Gezi kararı, Canan Kaftancıoğlu’na verilen hapis cezası, Ekrem İmamoğlu ile ilgili siyasi yasak talebi, HDP’nin kapatılma davası, Kemal Kılıçdaroğlu’nun SADAT önünde yaptığı açıklamalar derken siyasetin gittikçe sertleşeceği konusunda kimsenin şüphesi yok. 2019 yerel seçimlerinde sandık çevresinde etten duvar ören hukukçuların, oy çuvalı üzerinde sabahlayan vekillerin, delilsiz tutuklama kararlarının verildiği adliyelerde toplanan gazeteci, sivil toplum ve meslek örgütlerinin yanına artık iktidarın vergi diye neredeyse ağzındaki dişi söküp alacağı yurttaşların da katılıp omuz vermesi gerekiyor. Krizlere karşı bağışıklık geliştirerek yıkılan demokrasiyi yeniden ayağa kaldırmak mümkün değil. Muhalif kanadın da, beraber masa kurdukları insanların iktidar tarafından tek tek avlanmasına karşı bir arada durması gerekiyor. HDP’li belediyelere kayyum atanıp siyasetçileri tutuklanırken gösterilmeyen o dayanışma yüzündendir ki, bugün Kaftancıoğlu hedefte ve İmamoğlu’nun belediye başkanlığı tehlikede. “Kurtuluş yok tek başına, ya hep beraber ya hiç birimiz” sözü bir sloganın çok ötesinde, tek çıplak gerçeği hepimizin.
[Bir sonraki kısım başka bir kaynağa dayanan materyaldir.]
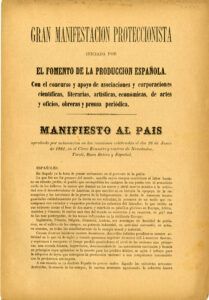 Gran Manifestación Proteccionista iniciada por el Fomento de la Producción Española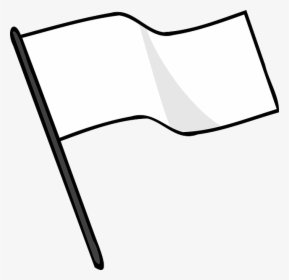Free Vector Waving White Flag Clip Art - Animated White Flag Waving, HD Png Download, Free Download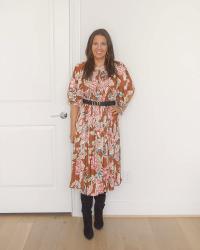 Six Ways to Wear a Brown Midi Dress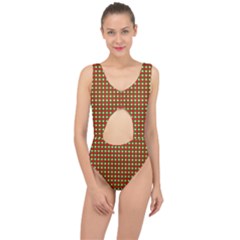 Lumberjack Plaid Buffalo Plaid Center Cut Out Swimsuit by Wegoenart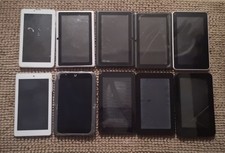 Joblot of 10 android tablets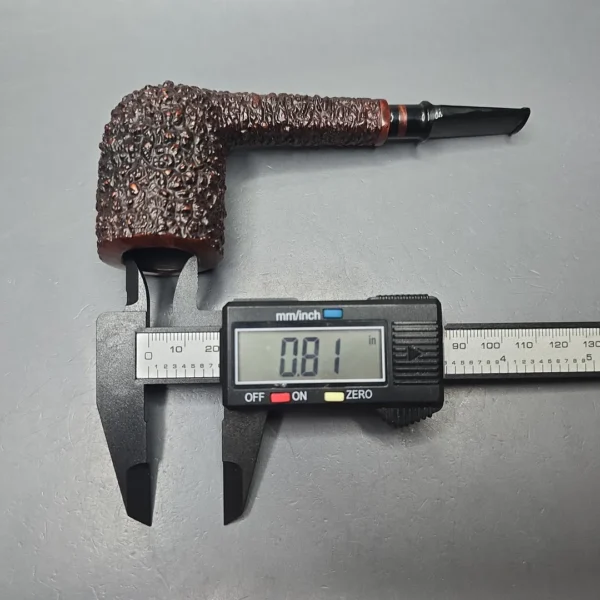 Paolo Becker (c.1980s-1990s) Partially Rusticated Lovat Estate Briar Pipe, Italian Estates - Image 3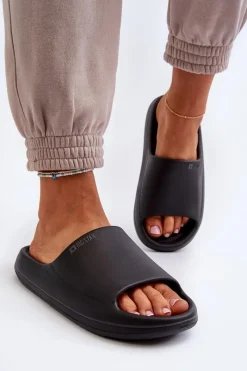 Online Big Star Shoes Lekkie Klapki Damskie Big Star NN274A042 Czarne Czarny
Aksi durumda bizi bekleyen gelecek, bence en açık haliyle görüntülendi.

***

Samanyolu’nun ortasında, ışık ve maddenin kaçamadığı dev bir kara delik meğer bize kıpkızıl göz kırpıyormuş. Bilim insanları galaksinin merkezindeki bu her şeyi yutan deliğin nasıl oluştuğunu henüz bilmiyor ama biz dünya üzerinde insan eliyle yaratılmış kara deliklerin nasıl oluştuğuna dair fikir sahibiyiz diye düşünüyorum. Etik, ahlak, ilke, hakikat; özgürlük, eşitlik ve tüm farklılıkları yutup yerine baskı, eziyet, şiddet ve yoksulluk üreten kendi kara deliğimizi de gözümüzde canlandırmamıza yardımcı oldu o fotoğraf. Yakın zamanda aya sert iniş yapamayacağız belki ama yaşamımızın mevcut şekilde devam etmeyeceğine dair de alametler çoğaldı. Belirsizliğini koruyan ise bunun hangi yöne doğru evrileceği. Toplum olarak karar vereceğiz. Ve bu kararı verirken de demokrasinin özgürlük ve eşitlik ilkesinin yanına artık farklılıkları da katmamız mecburi. İnsan, hayvan, ağaç derken tüm canlıların yaşamını tehdit eden bu yağma düzeninin değişmesi gerektiğinde hemfikir olan çoğunluğun, duyguları manipüle etmeye hazır despotların karşısında açık ve rasyonel taleplerle direnç göstermesi umutsuzluğu yıkan bir tavır olacaktır. Varlığı için halka korku pompalamaktan başka çaresi kalmamış iktidarın, korkuyu bugüne ilişkin gerçekleri çarpıtma aracı olarak kullanmasına izin vermemek için yüksek sesle itiraza ihtiyacımız var. Despotluk, çerçevesini kendi belirlediği bir yaşam tarzına herkesten tam uyumluluk, aynılaşma talep eder. Oysa örneklerini dünyada sıkça görmeye başladığımız gibi toplumsal hareketler yükseliyor. Şahsımızın kara deliğine bakınca gördüğüm şu; varlığını farklılıkları düşmanlaştırarak sürdürenlerin karşısında ancak, farklılıkların toplumda daha da görünür olması için mücadele ederek durabiliriz, zira biz normaline varamadan demokrasi de radikalleşti.